2016-12-01 / Faith Community

Twins Echo Choral Music at St. John’s Church

By James Merolla


Thomas and Joseph Burdick graduated from the prestigious St. Thomas Choir School in New York City, and will sing at a Christmas concert at St. John's on Dec. 15. Their sister, Abigail, is a dancer versed in ballet, tap, and improvisation. Thomas and Joseph Burdick graduated from the prestigious St. Thomas Choir School in New York City, and will sing at a Christmas concert at St. John's on Dec. 15. Their sister, Abigail, is a dancer versed in ballet, tap, and improvisation. Of the three babies that Patty Burdick was carrying in 1999, the boys – Joseph and Thomas – were identical, with heartbeats in perfect synch with each other. She heard theirs as one, while triplet Abigail’s heart echoed in rhythm. Two were expected, but three manifested.

The twins wailed soprano as they announced their entry into the world. Thomas was first, followed a mere 50 seconds later by Joseph, with Abigail stepping out lightly.

They have been singing and dancing ever since.

Now 17, Abigail is an accomplished dancer while the Burdick boys are in demand all over the region for their musical skills and versatility. Thomas and Joseph, Bishop Hendricken juniors, have sung in several Newport church concerts, including Emmanuel Church and St. Mary’s, but have found a Sunday home at High Mass in the choir at St. John the Evangelist.

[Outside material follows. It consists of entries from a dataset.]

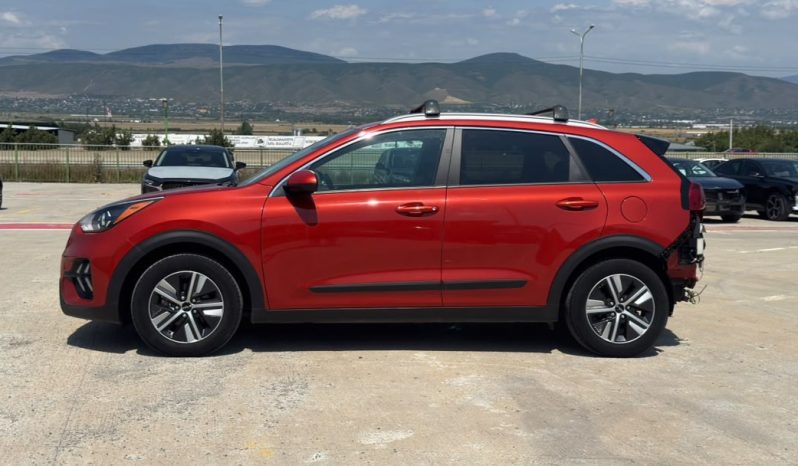 
								Kia Niro full									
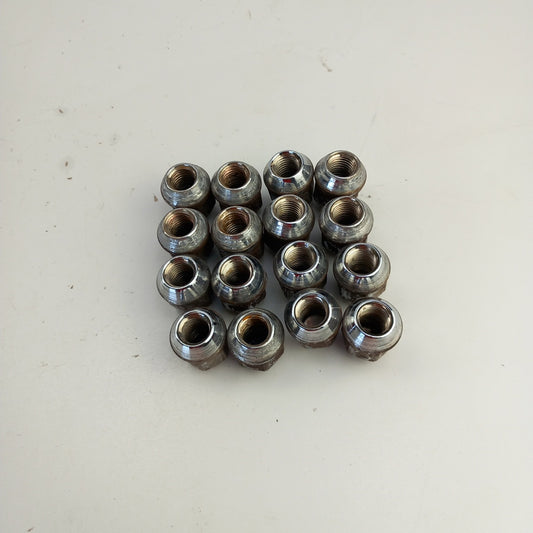 Гайки 16 броя комплект Opel Antara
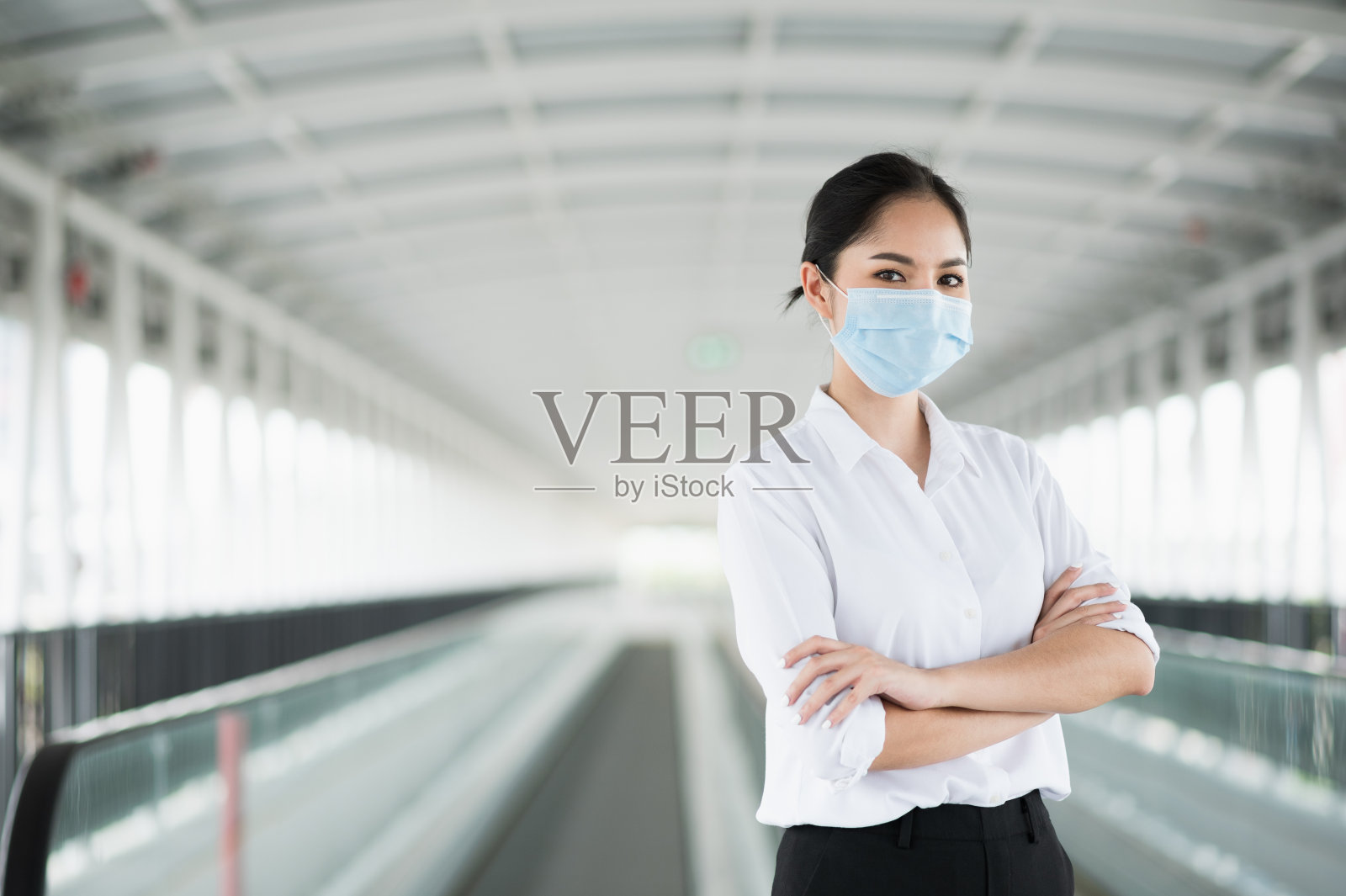 戴着防护面具的女商人。美丽的女性用口罩保护病毒和污染。照片摄影图片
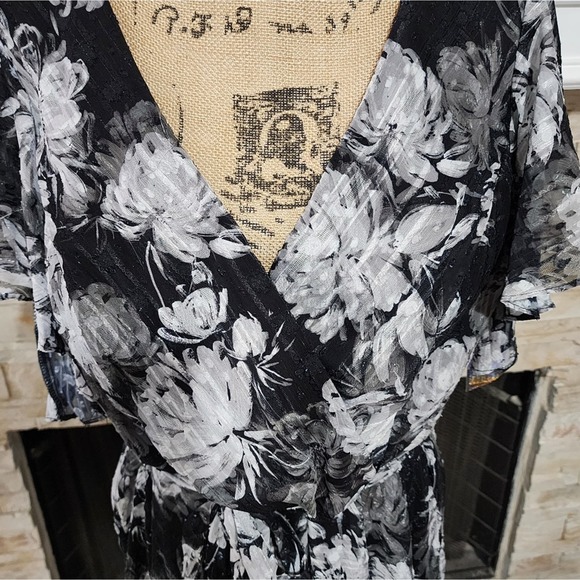 NW Night Way black white floral asymmetrical hem maxi dress plus size‎ 18W new - Picture 2 of 9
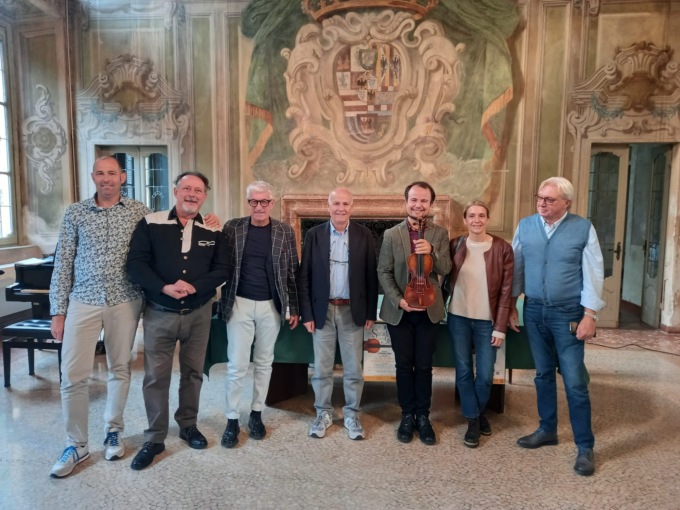 “Uno Stradivari per la gente” fa tappa alla Cmg di Castano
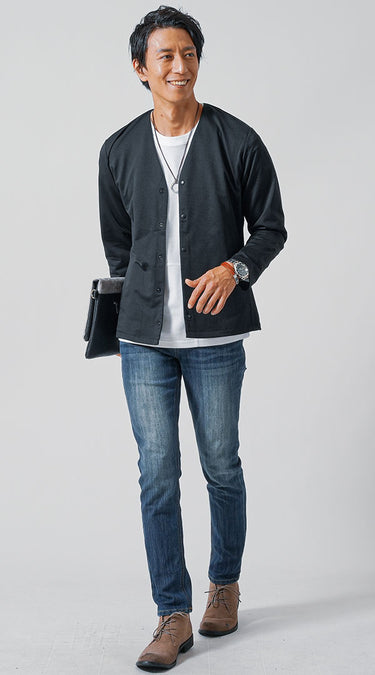 丸首Tシャツとカーディガンのコーディネート画像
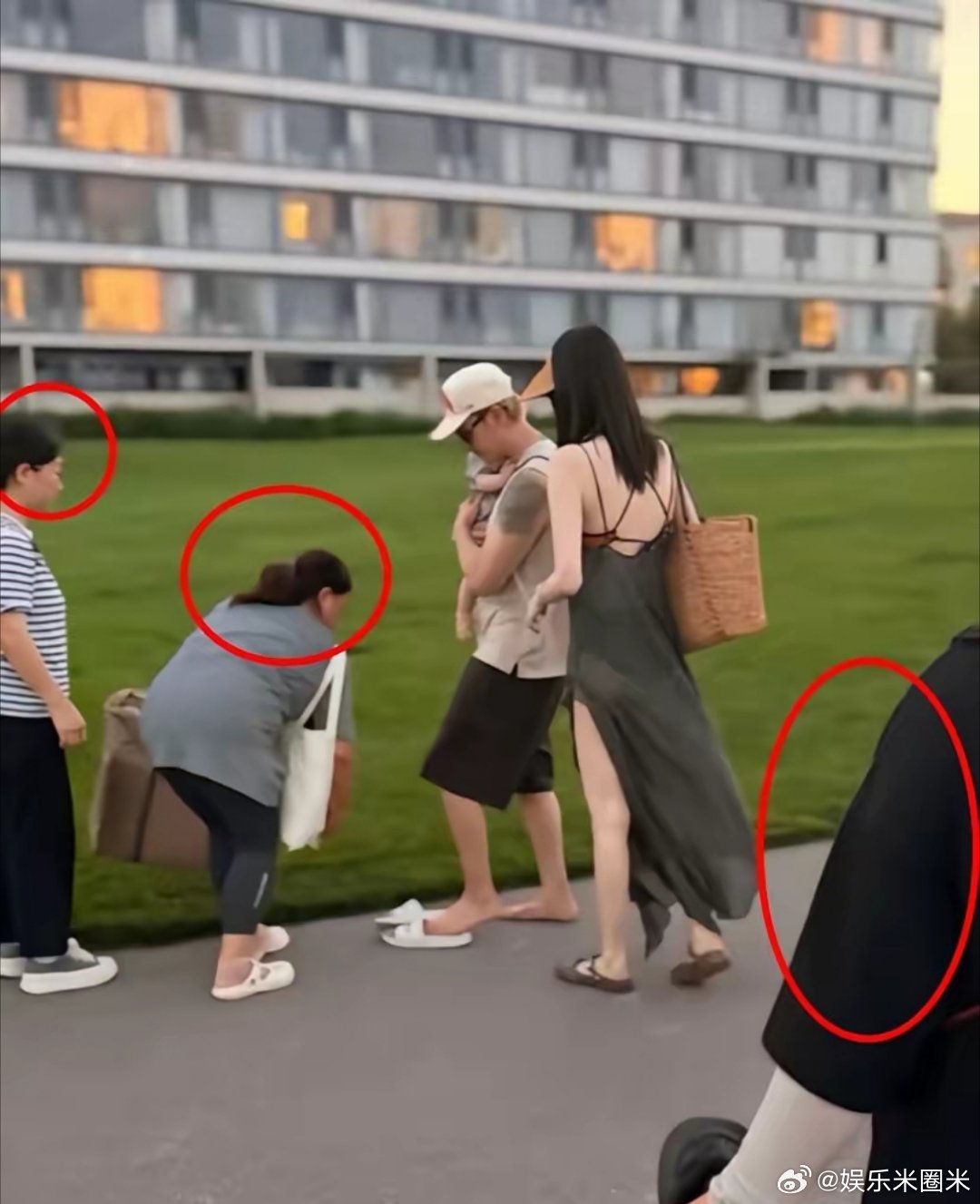 终于懂了有钱人的家里为什么都要配一个管家了？何穗和陈伟霆2人带着儿子出门，竟然旁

They sing clearly, but the pair does more. Joseph composed a piece of music for Evensong on Nov. 13 at a service celebrating the 122nd anniversary of the consecration of the Zabriskie Memorial Church.

On Thursday, Dec. 15, at 7 p.m. during a Christmas concert featuring the choristers of the Choir School and the adult choir of St. John’s, Joseph will premiere a carol he wrote. The twins will also sing in a performance of Handel’s “Messiah” at Veterans Memorial Auditorium in Providence with the Providence Singers and the Rhode Island Philharmonic on Dec. 10.

“I find their vocal flexibility particularly valuable,” said Peter Berton, who directs the two choral ensembles at St. John’s. “They can sing alto, tenor, bass, and even soprano if the music needs them to.

“It’s like moving around these valuable chess pieces on a choral scoreboard,” added Berton. “Their versatility makes them among the most valuable types of musicians to have in a choir.”

For Berton and the Burdicks – who live in Warwick – St. John’s has provided a reunion of sorts. The boys graduated from New York’s St. Thomas Choir School on West 58th Street – an Episcopal boarding school founded in 1919.

The school houses, nurtures and educates the boy choristers of its world-renowned choir. St. Thomas is the only church-affiliated boarding school of its kind in the U.S.

“It is one of only four like it in the world,” said Berton. The choirmaster knows this because he was once an organist at the famous Manhattan institution.

“We were looking for a different place to worship,” said Patty Burdick. “We learned that Peter was starting a choir school here and was in need of more people. The boys are tenors and have worked well with Peter and we all wanted to help him build the church through the choir. Peter understands the level of choral music that the boys have been trained to do all of their lives.”

Their discipline comes from a mother willing to uproot anywhere to further their potential and a brave, decorated father who was deployed as a military policeman overseas in 1999 – one of four combat tours of duties – on that Sept. 3 when they were born.

There is no precise moment attributed to their first forays into songwriting, however. Joseph said he started in sixth grade. But Patty recalls asking Thomas what he was doing at age 2 while barely big enough to hold a toy musical instrument and hearing him intone clearly, “I’m writing a song, mom!”

“Both compose. Thomas is more on the keyboard side, while Joseph is more on the choral side,” said mentor Berton.

They assimilate each other’s gifts and even finish each other’s sentences and musical phrases in composition. Abigail – versed in ballet, tap, and improvisation – has performed on stage with her brothers during Bishop Hendricken’s Show Choir.

“Each aspect of music gives you a different feeling,” said Thomas. “But singing in church for God is a beautiful thing. It is something most people take for granted, but it is one of the best feelings music can provide.”

“We have been trained in choral music our whole lives, but we don’t close our minds,” added Joseph. “We listen to every kind of music – blues, R & B. We write regular songs, too.”

“We know we are better together than we are apart,” said Thomas. “Maybe we should split, but we know in our hearts we wouldn’t be as good.”